All lines from the one holding "HANG RẮN - Chapter 11_3 manhwa" through the last line of the entries below must be transcribed exactly, and no others. Pictures do not go in.

Image-caption web data:
◇ ◇ ◇ ◇

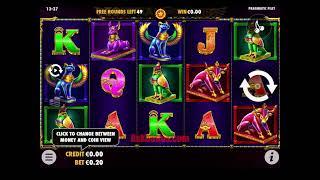 Fresh Casino No Deposit Bonus 50 Free Spins on Askbonus.com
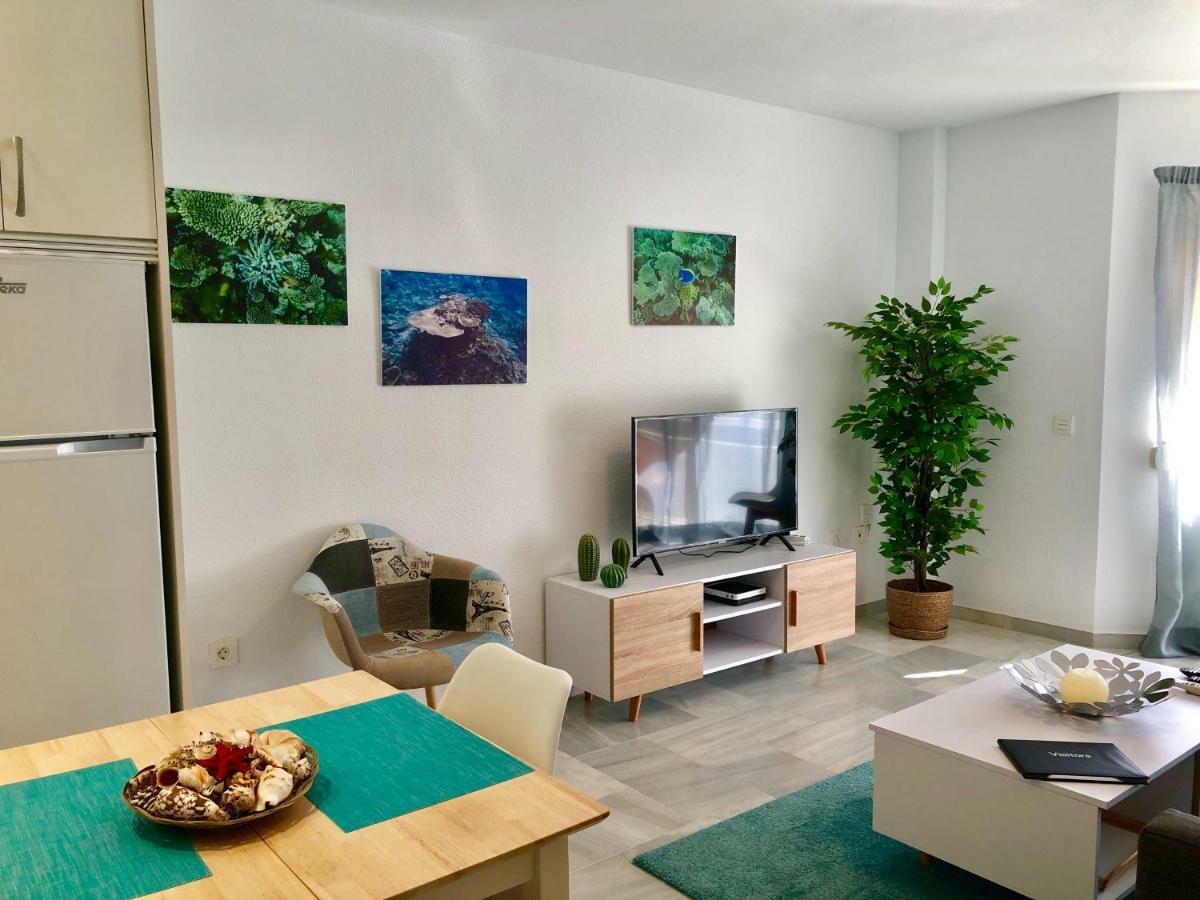 Appartamento Luxury Dona Carlota Torremolinos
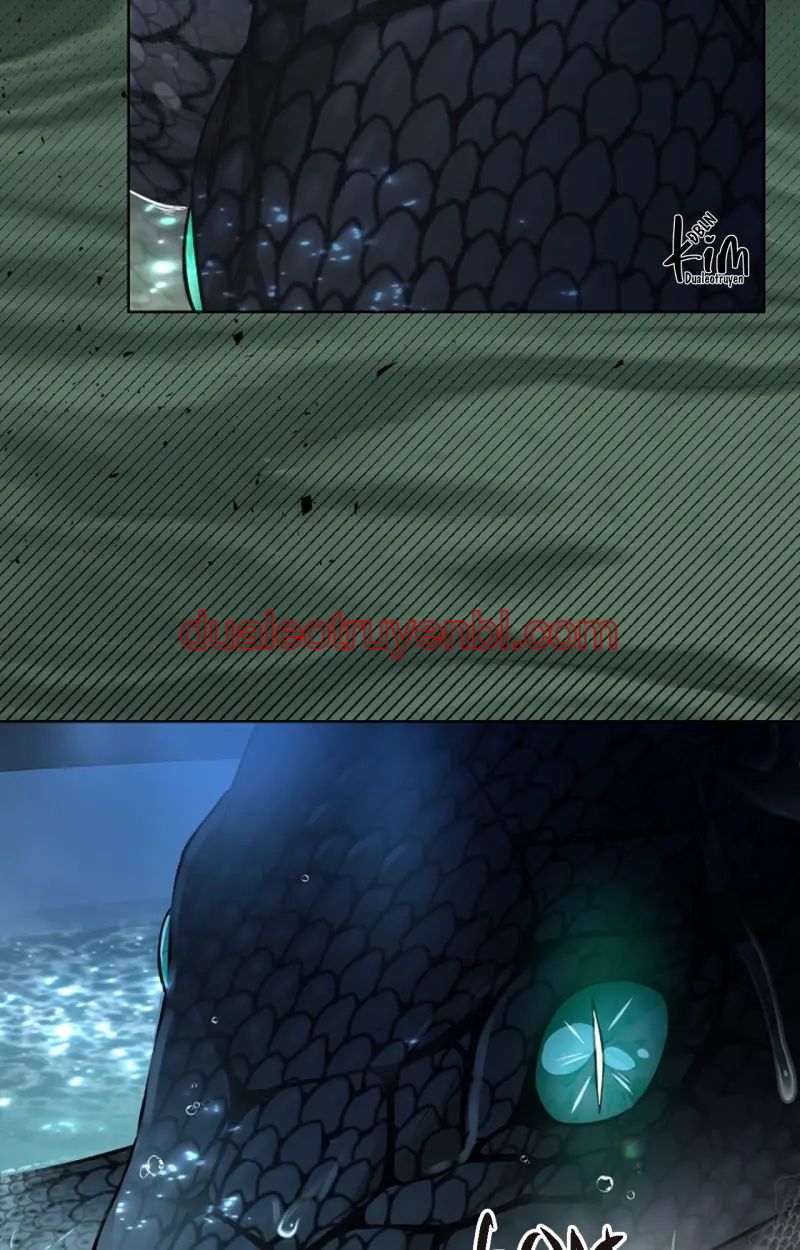 HANG RẮN - Chapter 11_3 manhwa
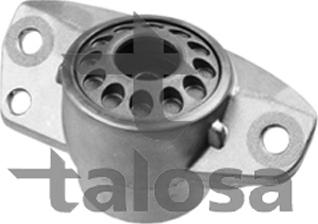 Talosa 63-12558 - Опора стойки амортизатора, подушка autosila-amz.com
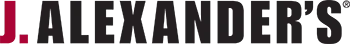 J. Alexander's Logo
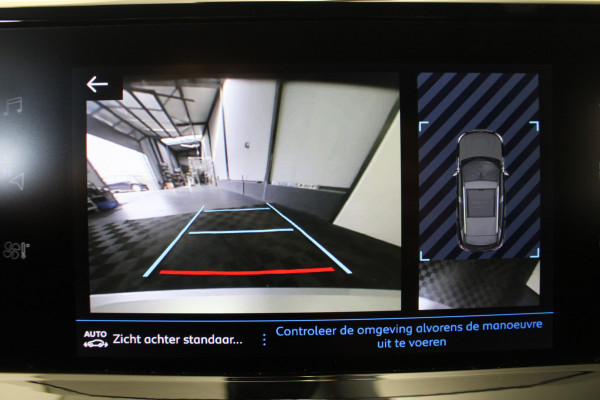 Peugeot 2008 1.2 PureTech 100 Active Peugeot 2008 1.2 PureTech 100 Active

◇ ◇ ◇ ◇

[Exercise result]:
 HANG RẮN - Chapter 11_3 manhwa
 Talosa 63-12558 - Опора стойки амортизатора, подушка autosila-amz.com
 J. Alexander's Logo
 Peugeot 2008 1.2 PureTech 100 Active Peugeot 2008 1.2 PureTech 100 Active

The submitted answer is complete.